LISTED RECORDS =>
────────────────

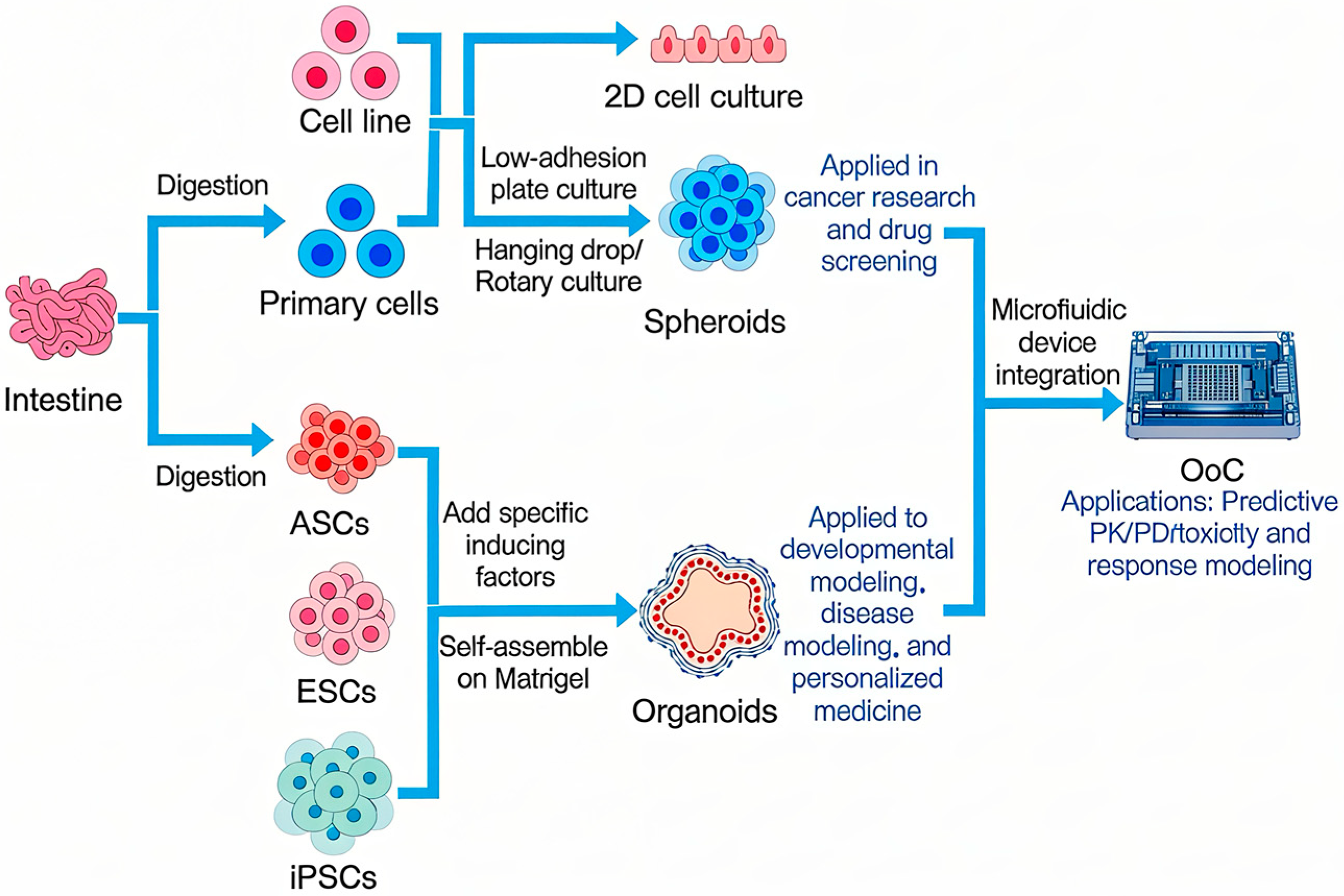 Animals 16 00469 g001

────────────────

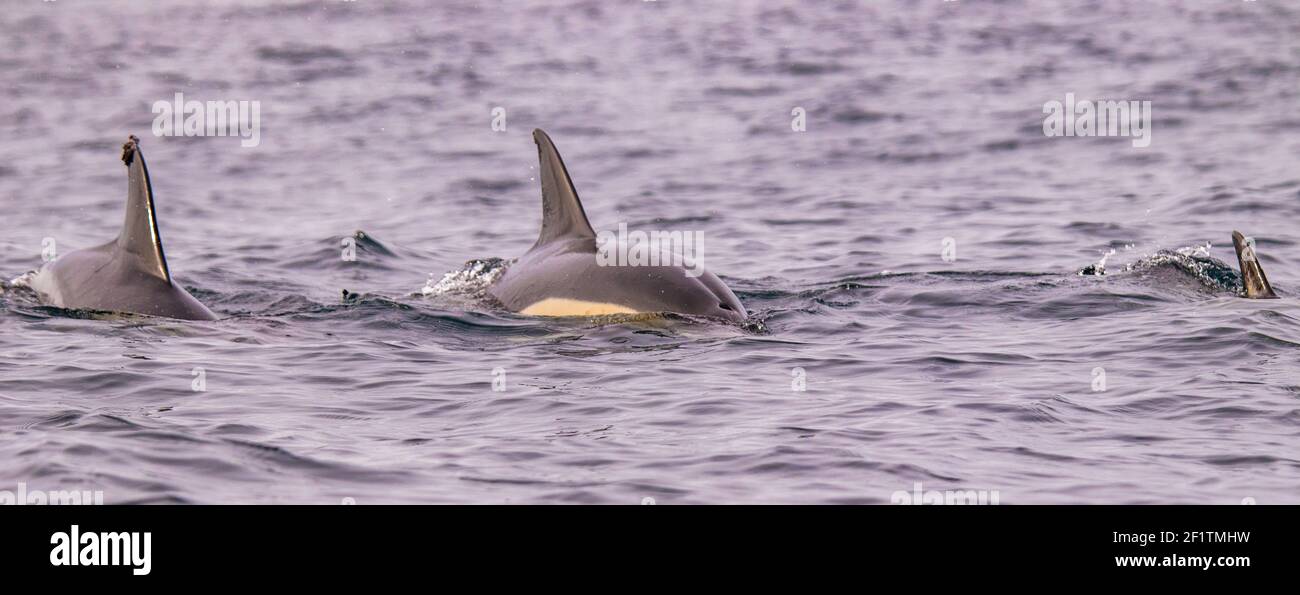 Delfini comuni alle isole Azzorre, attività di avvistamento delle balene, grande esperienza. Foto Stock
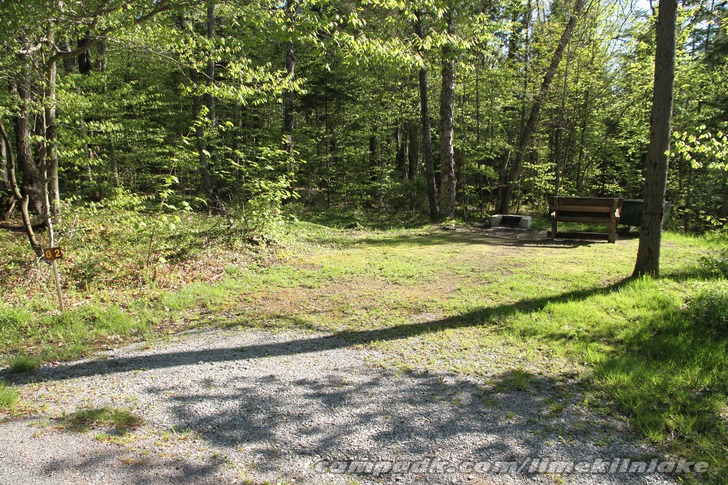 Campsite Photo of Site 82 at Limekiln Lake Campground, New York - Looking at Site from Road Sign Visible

────────────────

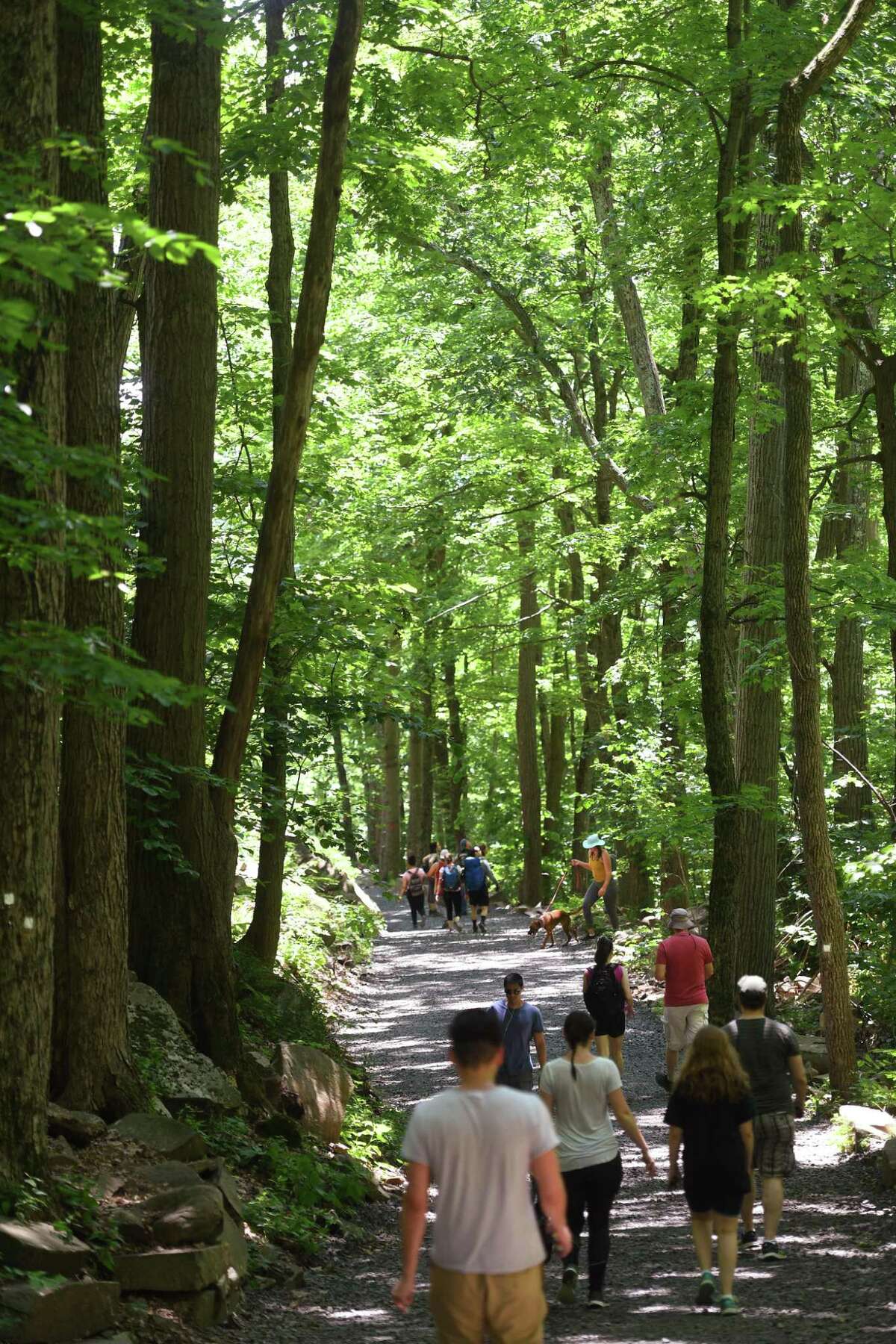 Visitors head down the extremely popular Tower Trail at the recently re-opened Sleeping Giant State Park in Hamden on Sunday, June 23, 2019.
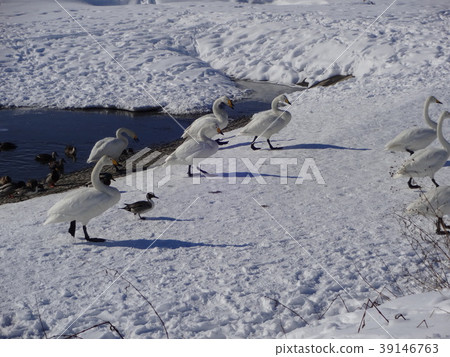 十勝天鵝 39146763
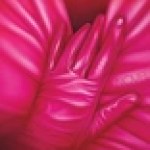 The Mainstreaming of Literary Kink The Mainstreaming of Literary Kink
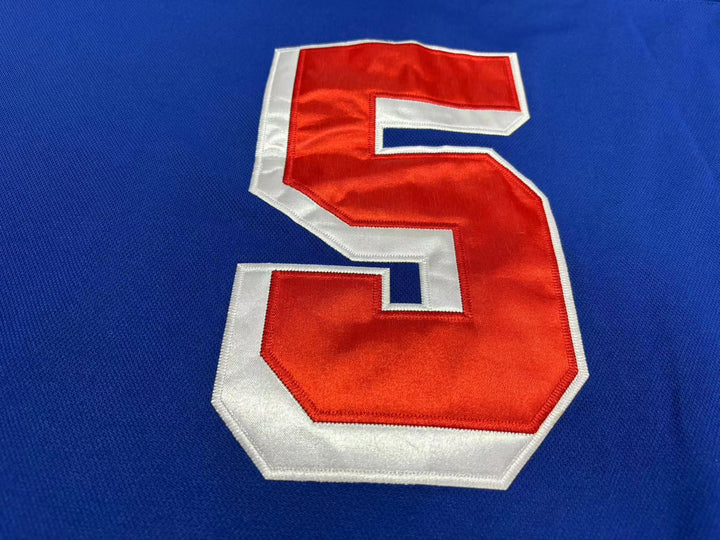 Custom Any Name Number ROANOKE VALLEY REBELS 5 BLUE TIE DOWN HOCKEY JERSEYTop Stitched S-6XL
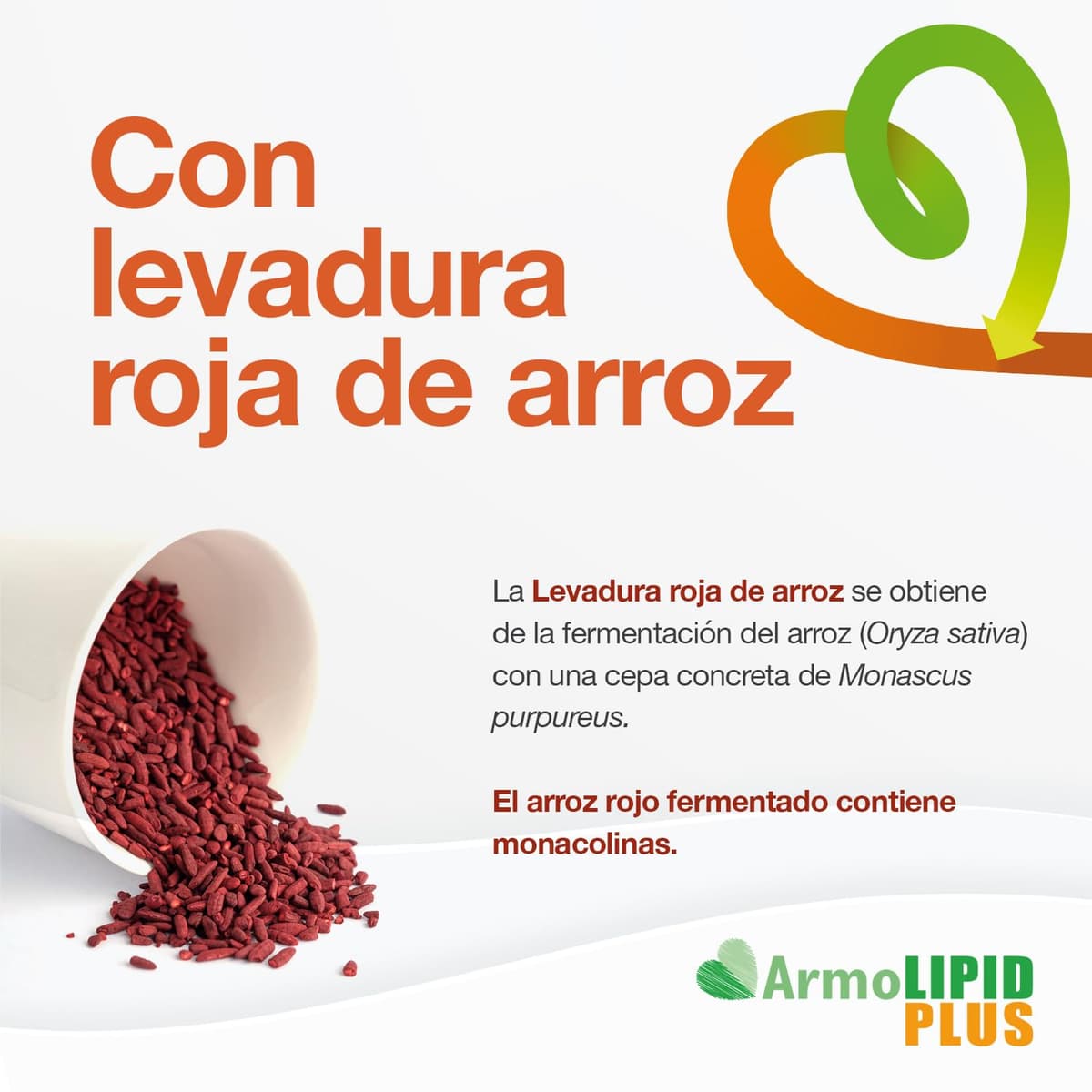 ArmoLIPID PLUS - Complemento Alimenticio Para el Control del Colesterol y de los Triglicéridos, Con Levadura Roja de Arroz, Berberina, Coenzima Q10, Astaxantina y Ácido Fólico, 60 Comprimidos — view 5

────────────────

TASK DIRECTIONS => If a picture sits between the line containing "Visitors head down" and the line containing "ArmoLIPID PLUS - Complemento", leave it out, and return the lines of that range above exactly, both ends included.

EXPECTED OUTPUT =>
 Visitors head down the extremely popular Tower Trail at the recently re-opened Sleeping Giant State Park in Hamden on Sunday, June 23, 2019.
 十勝天鵝 39146763
 The Mainstreaming of Literary Kink The Mainstreaming of Literary Kink
 Custom Any Name Number ROANOKE VALLEY REBELS 5 BLUE TIE DOWN HOCKEY JERSEYTop Stitched S-6XL
 ArmoLIPID PLUS - Complemento Alimenticio Para el Control del Colesterol y de los Triglicéridos, Con Levadura Roja de Arroz, Berberina, Coenzima Q10, Astaxantina y Ácido Fólico, 60 Comprimidos — view 5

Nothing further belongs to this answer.